> _Problem details_
From the records below, transcribe exactly the lines that begin at the line with "adidas Sportswear Essentials" and end at the line with "AB51 5L Waterproof", both included.

(Items from a data source)
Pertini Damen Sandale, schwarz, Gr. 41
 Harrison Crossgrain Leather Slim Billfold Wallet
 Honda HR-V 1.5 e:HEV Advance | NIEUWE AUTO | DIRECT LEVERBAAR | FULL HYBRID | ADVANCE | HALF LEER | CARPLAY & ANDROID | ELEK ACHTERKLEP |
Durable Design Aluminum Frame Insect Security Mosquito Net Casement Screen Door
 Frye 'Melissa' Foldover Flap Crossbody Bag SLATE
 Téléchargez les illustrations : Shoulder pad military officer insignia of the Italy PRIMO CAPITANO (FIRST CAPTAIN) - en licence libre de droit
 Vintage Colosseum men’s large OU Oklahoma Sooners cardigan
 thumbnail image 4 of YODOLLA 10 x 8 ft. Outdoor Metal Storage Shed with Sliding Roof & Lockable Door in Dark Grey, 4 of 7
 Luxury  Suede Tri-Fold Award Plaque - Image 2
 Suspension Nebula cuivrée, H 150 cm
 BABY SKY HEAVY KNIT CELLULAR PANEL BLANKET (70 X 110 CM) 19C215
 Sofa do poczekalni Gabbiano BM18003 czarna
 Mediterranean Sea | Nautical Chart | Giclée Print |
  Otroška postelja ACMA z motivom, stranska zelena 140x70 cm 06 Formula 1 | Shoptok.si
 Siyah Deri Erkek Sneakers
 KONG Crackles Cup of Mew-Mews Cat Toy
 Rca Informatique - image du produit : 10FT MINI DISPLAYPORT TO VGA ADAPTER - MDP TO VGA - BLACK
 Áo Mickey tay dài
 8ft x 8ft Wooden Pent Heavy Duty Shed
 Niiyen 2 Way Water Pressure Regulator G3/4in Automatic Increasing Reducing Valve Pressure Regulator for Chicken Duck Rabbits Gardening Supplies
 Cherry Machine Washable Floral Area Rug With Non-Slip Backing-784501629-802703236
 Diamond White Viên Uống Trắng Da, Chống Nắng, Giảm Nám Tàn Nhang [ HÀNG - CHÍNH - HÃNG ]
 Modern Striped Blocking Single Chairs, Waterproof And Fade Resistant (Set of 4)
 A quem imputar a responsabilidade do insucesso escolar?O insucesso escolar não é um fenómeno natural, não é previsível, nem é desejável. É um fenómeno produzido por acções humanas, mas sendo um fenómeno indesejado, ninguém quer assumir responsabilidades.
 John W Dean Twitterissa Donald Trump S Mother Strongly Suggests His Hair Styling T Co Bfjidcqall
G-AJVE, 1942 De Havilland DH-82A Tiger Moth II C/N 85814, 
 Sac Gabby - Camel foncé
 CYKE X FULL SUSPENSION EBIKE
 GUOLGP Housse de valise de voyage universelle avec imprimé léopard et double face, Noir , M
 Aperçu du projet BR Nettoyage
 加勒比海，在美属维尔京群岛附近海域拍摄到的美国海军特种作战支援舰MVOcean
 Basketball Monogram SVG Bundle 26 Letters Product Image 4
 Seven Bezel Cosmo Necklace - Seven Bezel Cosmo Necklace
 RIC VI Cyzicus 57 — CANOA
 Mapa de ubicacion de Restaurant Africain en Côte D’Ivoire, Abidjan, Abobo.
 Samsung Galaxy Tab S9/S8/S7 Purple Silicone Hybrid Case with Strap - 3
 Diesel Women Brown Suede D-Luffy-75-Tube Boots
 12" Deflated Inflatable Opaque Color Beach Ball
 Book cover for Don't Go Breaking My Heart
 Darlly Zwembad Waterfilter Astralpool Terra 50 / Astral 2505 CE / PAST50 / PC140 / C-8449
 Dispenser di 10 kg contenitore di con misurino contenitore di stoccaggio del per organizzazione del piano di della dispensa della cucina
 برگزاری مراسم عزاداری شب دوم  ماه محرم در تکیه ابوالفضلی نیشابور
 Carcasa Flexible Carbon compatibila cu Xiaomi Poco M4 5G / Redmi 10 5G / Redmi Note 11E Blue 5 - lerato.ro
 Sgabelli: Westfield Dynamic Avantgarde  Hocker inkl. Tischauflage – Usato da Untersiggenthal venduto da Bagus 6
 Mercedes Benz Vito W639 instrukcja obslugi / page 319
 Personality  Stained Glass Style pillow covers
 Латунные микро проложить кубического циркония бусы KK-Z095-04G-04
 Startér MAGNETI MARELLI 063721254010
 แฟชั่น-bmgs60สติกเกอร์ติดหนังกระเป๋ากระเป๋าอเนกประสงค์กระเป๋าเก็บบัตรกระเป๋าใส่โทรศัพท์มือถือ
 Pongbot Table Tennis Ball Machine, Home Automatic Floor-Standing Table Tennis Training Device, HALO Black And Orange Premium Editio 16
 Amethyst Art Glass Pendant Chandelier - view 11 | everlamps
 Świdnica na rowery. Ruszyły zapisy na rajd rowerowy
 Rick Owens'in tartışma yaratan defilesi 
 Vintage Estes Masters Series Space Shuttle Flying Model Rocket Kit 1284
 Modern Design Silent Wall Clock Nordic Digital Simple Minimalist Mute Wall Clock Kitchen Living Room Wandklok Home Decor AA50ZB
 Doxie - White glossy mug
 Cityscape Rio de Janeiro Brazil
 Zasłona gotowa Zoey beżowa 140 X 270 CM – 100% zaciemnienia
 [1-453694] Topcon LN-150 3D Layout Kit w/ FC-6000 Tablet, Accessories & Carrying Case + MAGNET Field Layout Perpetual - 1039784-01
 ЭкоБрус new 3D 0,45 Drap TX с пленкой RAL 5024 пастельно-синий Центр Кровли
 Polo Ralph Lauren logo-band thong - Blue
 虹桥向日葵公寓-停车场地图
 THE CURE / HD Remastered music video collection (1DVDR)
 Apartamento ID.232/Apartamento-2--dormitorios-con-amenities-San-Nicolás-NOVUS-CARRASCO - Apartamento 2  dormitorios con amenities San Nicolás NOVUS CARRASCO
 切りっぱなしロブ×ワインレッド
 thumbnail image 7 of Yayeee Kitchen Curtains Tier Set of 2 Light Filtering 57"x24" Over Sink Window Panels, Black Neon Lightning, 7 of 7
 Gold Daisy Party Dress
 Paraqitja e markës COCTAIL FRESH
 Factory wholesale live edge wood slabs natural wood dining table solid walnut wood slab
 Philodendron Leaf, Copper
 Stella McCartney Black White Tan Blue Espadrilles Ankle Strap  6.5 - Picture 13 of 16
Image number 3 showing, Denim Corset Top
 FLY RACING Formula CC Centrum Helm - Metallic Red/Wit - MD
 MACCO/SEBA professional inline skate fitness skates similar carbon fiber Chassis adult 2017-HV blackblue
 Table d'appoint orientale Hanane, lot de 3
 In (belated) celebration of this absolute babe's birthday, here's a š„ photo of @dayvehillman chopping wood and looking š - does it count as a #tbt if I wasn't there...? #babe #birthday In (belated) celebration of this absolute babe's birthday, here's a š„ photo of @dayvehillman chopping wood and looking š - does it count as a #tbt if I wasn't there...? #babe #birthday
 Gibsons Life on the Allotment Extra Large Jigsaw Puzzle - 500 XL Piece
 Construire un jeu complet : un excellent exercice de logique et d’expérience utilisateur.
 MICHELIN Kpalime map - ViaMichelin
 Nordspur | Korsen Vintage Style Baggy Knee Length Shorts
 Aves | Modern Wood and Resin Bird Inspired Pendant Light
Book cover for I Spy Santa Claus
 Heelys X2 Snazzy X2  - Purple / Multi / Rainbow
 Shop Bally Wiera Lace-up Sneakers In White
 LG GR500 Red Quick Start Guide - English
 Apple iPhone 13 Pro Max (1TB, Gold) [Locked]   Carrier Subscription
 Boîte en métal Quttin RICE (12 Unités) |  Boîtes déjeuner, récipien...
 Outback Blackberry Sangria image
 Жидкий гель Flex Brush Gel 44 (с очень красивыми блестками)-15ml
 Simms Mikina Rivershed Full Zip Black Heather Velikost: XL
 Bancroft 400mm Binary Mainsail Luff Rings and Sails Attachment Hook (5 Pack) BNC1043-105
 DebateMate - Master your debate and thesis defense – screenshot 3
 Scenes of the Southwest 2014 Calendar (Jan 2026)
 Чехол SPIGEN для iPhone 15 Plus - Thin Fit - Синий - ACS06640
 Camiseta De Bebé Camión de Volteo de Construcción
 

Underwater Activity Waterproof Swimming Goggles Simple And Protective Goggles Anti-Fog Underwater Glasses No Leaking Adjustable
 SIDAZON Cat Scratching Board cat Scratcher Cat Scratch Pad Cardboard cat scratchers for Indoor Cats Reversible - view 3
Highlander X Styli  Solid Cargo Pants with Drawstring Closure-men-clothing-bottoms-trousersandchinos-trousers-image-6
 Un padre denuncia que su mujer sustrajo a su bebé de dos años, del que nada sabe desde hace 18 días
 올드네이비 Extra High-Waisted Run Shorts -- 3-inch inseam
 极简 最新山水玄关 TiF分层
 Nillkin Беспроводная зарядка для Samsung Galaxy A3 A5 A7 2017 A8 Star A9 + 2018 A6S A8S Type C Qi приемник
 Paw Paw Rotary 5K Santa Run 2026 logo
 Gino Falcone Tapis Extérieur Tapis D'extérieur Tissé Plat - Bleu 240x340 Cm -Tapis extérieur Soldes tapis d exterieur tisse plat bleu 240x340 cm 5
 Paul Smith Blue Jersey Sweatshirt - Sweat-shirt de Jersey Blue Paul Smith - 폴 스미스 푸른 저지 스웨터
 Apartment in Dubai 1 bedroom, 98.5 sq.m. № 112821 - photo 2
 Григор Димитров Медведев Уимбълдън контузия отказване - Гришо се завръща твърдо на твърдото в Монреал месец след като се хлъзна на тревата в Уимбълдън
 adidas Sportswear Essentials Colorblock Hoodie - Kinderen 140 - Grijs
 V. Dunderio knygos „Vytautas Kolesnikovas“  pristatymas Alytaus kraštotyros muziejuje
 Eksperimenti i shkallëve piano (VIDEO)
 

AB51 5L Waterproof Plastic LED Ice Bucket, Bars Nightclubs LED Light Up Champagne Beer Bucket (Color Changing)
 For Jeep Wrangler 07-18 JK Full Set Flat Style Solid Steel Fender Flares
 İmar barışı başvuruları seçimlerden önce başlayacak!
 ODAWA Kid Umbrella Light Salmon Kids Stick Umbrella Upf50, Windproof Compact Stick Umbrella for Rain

> _Answer to this problem_
 adidas Sportswear Essentials Colorblock Hoodie - Kinderen 140 - Grijs
 V. Dunderio knygos „Vytautas Kolesnikovas“  pristatymas Alytaus kraštotyros muziejuje
 Eksperimenti i shkallëve piano (VIDEO)
 

AB51 5L Waterproof Plastic LED Ice Bucket, Bars Nightclubs LED Light Up Champagne Beer Bucket (Color Changing)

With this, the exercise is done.